China will produce more steel in 2017, but they’ll also use most of it themselves
Post Date: 04 Jan 2017 Viewed: 845
Despite efforts to curb steel output to address issues of overcapacity,China will still be producing more of the alloy next year—but the country will also be snapping it up.
According to a recent report by BMI Research, China will produce 825 million metric tons of crude steel next year, a 0.5 percentage point increase from 2016—yet will consume 87 percent of this production.
"Despite Western fears of steel dumping, increased production of Chinese steel will serve domestic demand more rather than flood international markets in 2017," the house wrote.
In the last few years, China has moved to shift the economy from heavy reliance on industrial exports to more home-grown consumer demand, with the steel sector frequently cited as ripe for consolidation because of surplus production capacity. At the same time, the pace of growth in China real estate and construction segment relies on keeping the economic engine chugging along.
But as BMI noted, the trend has been for higher production for growing domestic use. This year output increased at a monthly average of 3.6 percent on-year from August to October, amid monthly average export declines of 17.5 percent from a year ago. Chinese steel inventories as a proportion of production were also at a historic low of 8.2 percent in November.
No more dumping?
"This is because continued Chinese fiscal support to the construction sector has buoyed domestic industrial metal demand, especially through public-private partnerships in public infrastructure such as airports, water, rail, power and roads and bridges (that will) continue at least until the end of 2017," BMI added.
The domestic demand will narrow the global steel market surplus to 3.2 million tons in 2017 from 10.9 million tons in 2016, BMI forecast. China is both the world's largest steel producer and consumer.
Investment bank Morgan Stanley concurred, saying in a recent report that overall near-term steel demand is "stable and improving."
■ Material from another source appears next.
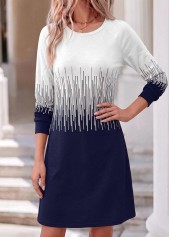 Ombre Tummy Coverage Blue Short Long Sleeve Dress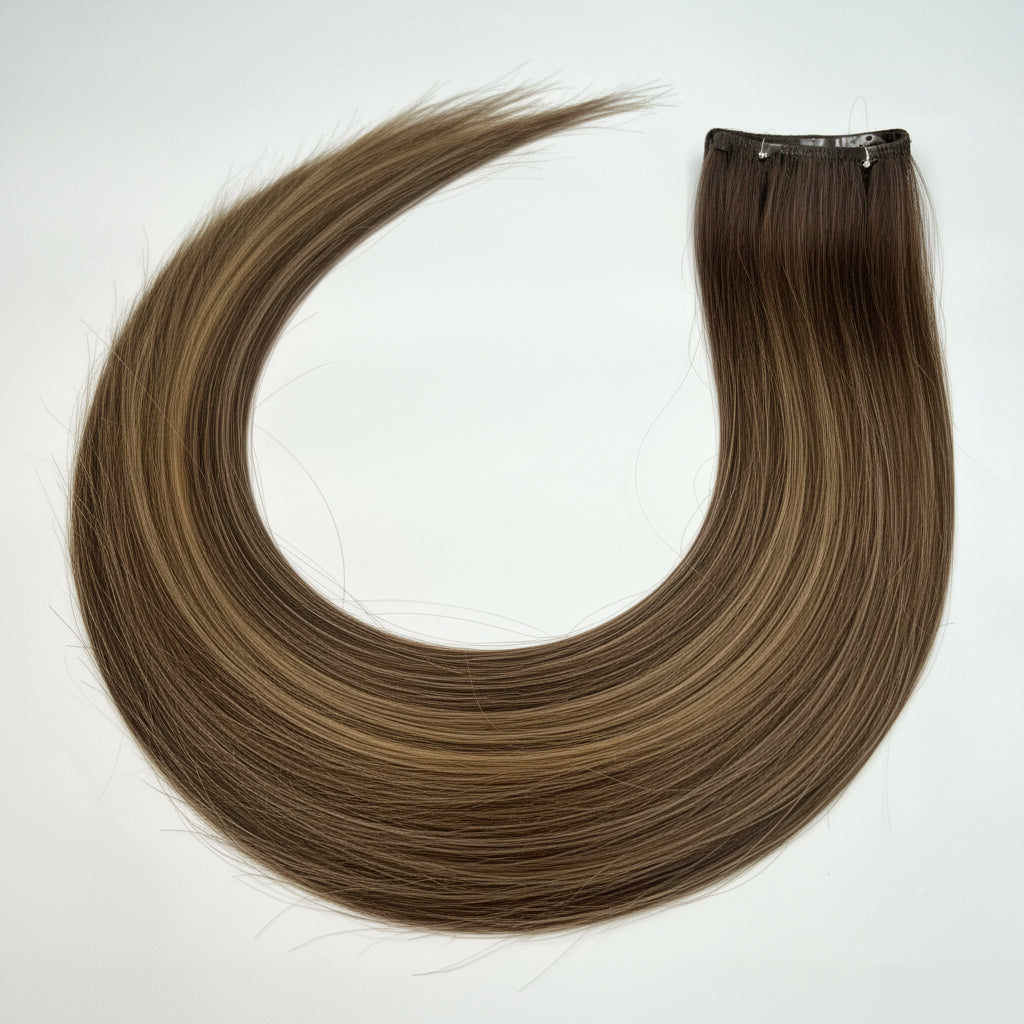 SHADED CAPPUCINNO -  Invisible Length Human Hair Extensions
Analysts noted that "infrastructure spending has been increasing, while reduced property inventories in lower-tier cities should result in a rise in new starts. Globally, many regions are showing signs of improved demand, from the economic recoveries in Brazil and India to (U.S. president-elect Donald) Trump's infrastructure plans for the U.S.," the investment bank added.
The change in scenery is a turnaround from massive overcapacity in recent years, with China coming under fire for dumping steel into the global markets, depressing prices.
Steel prices are already rallying this year on the improved outlook, with prices in China gaining 60 percent. Prices of its raw material iron ore have doubled on the back ofexpectations from Trump's massive infrastructure stimulus plan, and as China continued to tackle over-capacity through production cuts, as well as leaving inefficient factories to idle.
China is also under pressure to curb production due to rising trade cases against its dumping, Morgan Stanley noted. This will in turn benefit the return on equity in the global steel sector sector to 12 percent by 2020, up from 2.9 percent in 2015.
The bank said it is confident China can achieve its 150 million metric ton permanent capacity cut target by 2020, citing cuts of 68 million tons by November, exceeding this year's target of 45 million tons. The mega merger between Baosteel Group and Wuhan Iron and Steel, and regional consolidation plans, also point to improved fundamentals in the next three to five years, it added.
Morgan Stanley said steel stocks in China, Japan, India and Brazil have 20 to 40 percent more upside, alongside those in the U.S. Top picks include Angang H & A and Maanshan H in China; US Steel, AK Steel and Steel Dynamics in the US; and ArcelorMittalSA and SSAB in Europe.
Ratings agency Standard and Poor's said results will come in the long run, so there will still be "short-term pain" in the domestic steel industry amid cash flow issues and debt.